• _Dataset excerpts_
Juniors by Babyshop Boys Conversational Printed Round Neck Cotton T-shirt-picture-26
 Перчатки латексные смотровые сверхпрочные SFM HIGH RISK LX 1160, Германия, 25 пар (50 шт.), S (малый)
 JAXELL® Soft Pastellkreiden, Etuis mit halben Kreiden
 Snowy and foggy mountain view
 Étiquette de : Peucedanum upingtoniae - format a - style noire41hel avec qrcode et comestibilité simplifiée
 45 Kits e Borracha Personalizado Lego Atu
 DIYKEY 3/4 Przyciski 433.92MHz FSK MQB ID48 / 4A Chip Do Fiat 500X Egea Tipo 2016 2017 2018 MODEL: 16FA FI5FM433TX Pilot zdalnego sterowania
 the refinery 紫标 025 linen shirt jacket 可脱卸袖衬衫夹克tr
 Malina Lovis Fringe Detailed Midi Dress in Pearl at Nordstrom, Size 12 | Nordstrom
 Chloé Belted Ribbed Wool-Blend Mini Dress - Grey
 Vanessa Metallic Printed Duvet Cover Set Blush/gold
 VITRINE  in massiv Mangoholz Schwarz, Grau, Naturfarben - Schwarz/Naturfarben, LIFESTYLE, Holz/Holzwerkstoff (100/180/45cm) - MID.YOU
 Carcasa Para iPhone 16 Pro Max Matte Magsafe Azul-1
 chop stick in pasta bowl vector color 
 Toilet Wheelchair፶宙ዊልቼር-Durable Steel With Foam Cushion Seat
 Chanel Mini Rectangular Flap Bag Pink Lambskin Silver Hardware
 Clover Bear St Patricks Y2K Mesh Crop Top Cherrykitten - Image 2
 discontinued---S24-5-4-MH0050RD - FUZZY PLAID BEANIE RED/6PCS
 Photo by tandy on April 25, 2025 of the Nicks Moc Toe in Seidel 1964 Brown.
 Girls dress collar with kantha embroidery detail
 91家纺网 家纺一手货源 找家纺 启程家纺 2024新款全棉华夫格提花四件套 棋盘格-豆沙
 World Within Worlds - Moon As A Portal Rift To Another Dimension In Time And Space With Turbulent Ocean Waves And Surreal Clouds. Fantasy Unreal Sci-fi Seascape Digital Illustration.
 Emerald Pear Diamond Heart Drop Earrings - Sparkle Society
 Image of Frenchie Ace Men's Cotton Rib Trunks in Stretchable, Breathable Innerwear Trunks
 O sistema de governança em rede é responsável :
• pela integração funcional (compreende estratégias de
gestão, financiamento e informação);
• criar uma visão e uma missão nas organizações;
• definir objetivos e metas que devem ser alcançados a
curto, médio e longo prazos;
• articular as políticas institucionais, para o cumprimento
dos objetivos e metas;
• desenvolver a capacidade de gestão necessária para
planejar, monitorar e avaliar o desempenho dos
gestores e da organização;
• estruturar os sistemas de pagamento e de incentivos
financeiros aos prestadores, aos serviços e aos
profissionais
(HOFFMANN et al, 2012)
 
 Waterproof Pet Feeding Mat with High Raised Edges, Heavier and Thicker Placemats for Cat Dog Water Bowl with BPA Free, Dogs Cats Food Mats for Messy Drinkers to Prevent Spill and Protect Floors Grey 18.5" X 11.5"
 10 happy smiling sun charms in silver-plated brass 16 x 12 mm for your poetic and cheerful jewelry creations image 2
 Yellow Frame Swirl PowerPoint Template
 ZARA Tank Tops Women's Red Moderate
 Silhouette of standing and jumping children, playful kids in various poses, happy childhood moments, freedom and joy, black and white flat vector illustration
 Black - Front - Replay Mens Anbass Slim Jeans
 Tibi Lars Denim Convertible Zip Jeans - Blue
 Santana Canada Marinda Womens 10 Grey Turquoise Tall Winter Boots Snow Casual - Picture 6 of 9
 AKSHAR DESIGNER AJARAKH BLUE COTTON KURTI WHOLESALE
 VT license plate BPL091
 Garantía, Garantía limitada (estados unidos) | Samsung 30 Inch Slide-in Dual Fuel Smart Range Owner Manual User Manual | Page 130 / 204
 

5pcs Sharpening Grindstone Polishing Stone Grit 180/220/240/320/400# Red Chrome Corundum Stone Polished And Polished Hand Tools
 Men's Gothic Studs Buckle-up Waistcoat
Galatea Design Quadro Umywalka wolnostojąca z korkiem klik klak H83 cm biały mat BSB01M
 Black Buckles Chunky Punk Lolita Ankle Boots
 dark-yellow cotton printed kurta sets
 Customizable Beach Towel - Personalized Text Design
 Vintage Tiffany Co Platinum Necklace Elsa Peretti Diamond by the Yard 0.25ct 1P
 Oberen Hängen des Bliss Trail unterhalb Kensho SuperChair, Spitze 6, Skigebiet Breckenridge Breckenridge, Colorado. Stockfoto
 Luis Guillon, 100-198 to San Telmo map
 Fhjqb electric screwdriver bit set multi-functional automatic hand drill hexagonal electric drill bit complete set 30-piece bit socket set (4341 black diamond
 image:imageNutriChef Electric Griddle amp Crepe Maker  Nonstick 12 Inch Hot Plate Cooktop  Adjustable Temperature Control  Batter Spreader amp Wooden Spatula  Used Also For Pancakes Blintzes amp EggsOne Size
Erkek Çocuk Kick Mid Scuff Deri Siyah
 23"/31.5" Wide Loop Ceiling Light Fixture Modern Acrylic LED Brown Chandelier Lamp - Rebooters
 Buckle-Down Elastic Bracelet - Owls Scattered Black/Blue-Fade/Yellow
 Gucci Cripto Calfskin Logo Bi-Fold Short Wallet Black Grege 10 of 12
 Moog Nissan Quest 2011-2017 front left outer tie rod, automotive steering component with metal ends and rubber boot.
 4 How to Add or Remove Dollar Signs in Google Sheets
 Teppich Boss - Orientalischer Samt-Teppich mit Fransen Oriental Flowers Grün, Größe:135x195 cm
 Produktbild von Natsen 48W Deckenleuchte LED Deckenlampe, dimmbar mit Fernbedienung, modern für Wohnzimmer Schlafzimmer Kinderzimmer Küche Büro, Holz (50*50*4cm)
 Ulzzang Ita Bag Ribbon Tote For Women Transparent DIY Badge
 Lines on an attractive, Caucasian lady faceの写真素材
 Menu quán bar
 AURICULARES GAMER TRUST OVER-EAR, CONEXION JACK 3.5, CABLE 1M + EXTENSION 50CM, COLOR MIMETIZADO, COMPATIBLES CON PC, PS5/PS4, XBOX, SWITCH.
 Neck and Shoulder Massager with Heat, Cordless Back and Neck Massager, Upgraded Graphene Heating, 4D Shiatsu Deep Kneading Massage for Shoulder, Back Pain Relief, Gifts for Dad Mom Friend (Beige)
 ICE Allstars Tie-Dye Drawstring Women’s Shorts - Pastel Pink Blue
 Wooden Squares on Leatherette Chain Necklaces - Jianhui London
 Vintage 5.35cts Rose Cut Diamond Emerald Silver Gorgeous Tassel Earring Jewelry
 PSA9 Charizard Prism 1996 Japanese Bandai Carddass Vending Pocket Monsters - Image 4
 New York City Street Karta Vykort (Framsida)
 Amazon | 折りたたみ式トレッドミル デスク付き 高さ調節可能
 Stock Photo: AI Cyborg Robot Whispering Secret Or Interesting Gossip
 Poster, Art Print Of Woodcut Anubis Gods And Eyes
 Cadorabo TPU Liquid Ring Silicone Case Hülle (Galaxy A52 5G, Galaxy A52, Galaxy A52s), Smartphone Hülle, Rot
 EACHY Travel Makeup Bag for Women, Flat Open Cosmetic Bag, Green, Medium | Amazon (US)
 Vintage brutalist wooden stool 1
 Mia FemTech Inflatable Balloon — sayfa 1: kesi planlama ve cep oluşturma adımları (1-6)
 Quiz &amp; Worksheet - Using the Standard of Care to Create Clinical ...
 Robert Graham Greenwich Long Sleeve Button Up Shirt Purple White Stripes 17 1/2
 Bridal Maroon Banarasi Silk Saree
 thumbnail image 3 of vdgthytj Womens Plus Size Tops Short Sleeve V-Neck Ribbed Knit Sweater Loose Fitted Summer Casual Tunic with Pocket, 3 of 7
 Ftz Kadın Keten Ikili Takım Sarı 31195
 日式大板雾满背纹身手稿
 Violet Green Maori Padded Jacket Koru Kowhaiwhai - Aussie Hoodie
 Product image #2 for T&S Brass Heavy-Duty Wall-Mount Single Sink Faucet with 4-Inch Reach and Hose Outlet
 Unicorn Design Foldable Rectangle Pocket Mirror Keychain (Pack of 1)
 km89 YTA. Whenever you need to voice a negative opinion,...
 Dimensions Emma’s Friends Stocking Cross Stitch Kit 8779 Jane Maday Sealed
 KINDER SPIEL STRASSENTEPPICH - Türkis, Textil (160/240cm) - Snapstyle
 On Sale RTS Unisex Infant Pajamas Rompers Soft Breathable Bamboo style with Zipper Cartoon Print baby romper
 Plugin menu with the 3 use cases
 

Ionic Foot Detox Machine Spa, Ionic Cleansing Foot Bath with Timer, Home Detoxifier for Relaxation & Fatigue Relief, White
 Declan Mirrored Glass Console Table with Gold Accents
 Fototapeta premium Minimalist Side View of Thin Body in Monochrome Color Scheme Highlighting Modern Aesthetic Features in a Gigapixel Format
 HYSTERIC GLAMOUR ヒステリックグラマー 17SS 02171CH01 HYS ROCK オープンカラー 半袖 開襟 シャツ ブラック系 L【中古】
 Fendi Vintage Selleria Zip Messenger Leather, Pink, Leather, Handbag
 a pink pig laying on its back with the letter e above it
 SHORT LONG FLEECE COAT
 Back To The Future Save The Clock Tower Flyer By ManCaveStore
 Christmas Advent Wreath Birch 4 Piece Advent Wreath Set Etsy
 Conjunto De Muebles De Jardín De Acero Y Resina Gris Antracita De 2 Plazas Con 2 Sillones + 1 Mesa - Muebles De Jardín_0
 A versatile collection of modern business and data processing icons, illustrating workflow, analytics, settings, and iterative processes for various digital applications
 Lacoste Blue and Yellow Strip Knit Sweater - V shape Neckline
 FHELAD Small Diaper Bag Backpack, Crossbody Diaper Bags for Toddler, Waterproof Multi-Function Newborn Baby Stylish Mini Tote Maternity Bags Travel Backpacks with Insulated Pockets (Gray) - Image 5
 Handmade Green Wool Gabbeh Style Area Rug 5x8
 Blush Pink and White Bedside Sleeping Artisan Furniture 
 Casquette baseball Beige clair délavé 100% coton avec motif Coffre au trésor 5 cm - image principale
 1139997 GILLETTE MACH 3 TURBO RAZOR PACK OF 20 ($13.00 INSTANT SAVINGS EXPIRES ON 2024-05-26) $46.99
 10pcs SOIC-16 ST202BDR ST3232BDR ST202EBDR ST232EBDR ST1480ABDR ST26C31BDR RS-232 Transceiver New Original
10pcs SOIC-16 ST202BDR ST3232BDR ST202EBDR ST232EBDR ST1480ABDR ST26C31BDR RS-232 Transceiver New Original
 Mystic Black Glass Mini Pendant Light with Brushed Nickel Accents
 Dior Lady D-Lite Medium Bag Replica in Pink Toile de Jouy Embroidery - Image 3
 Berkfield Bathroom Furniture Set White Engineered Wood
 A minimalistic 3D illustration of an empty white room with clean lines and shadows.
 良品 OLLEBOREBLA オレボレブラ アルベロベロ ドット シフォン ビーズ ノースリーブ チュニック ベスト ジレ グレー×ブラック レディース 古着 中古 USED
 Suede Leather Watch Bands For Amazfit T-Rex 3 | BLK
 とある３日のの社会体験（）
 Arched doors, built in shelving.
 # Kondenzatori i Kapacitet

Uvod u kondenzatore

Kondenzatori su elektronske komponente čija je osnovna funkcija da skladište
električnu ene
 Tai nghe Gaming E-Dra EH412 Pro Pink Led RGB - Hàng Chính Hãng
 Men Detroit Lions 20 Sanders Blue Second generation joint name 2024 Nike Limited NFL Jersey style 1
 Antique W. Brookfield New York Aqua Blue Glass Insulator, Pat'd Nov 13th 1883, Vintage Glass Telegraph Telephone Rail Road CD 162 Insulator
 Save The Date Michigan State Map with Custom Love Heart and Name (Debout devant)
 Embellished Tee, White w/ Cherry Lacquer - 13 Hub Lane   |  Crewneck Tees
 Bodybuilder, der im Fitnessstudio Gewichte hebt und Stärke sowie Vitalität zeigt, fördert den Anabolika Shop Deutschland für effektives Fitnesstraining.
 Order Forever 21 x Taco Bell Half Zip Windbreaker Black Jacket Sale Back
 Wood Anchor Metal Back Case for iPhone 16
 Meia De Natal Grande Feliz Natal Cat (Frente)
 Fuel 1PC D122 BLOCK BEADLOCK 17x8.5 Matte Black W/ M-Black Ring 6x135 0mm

• _The problem_
Keeping every character as it is, restate the lines above that run from the line with "DIYKEY 3/4 Przyciski" through the line with "(compreende estratégias de", both included, and nothing else.

• _Answer section_
 DIYKEY 3/4 Przyciski 433.92MHz FSK MQB ID48 / 4A Chip Do Fiat 500X Egea Tipo 2016 2017 2018 MODEL: 16FA FI5FM433TX Pilot zdalnego sterowania
 the refinery 紫标 025 linen shirt jacket 可脱卸袖衬衫夹克tr
 Malina Lovis Fringe Detailed Midi Dress in Pearl at Nordstrom, Size 12 | Nordstrom
 Chloé Belted Ribbed Wool-Blend Mini Dress - Grey
 Vanessa Metallic Printed Duvet Cover Set Blush/gold
 VITRINE  in massiv Mangoholz Schwarz, Grau, Naturfarben - Schwarz/Naturfarben, LIFESTYLE, Holz/Holzwerkstoff (100/180/45cm) - MID.YOU
 Carcasa Para iPhone 16 Pro Max Matte Magsafe Azul-1
 chop stick in pasta bowl vector color 
 Toilet Wheelchair፶宙ዊልቼር-Durable Steel With Foam Cushion Seat
 Chanel Mini Rectangular Flap Bag Pink Lambskin Silver Hardware
 Clover Bear St Patricks Y2K Mesh Crop Top Cherrykitten - Image 2
 discontinued---S24-5-4-MH0050RD - FUZZY PLAID BEANIE RED/6PCS
 Photo by tandy on April 25, 2025 of the Nicks Moc Toe in Seidel 1964 Brown.
 Girls dress collar with kantha embroidery detail
 91家纺网 家纺一手货源 找家纺 启程家纺 2024新款全棉华夫格提花四件套 棋盘格-豆沙
 World Within Worlds - Moon As A Portal Rift To Another Dimension In Time And Space With Turbulent Ocean Waves And Surreal Clouds. Fantasy Unreal Sci-fi Seascape Digital Illustration.
 Emerald Pear Diamond Heart Drop Earrings - Sparkle Society
 Image of Frenchie Ace Men's Cotton Rib Trunks in Stretchable, Breathable Innerwear Trunks
 O sistema de governança em rede é responsável :
• pela integração funcional (compreende estratégias de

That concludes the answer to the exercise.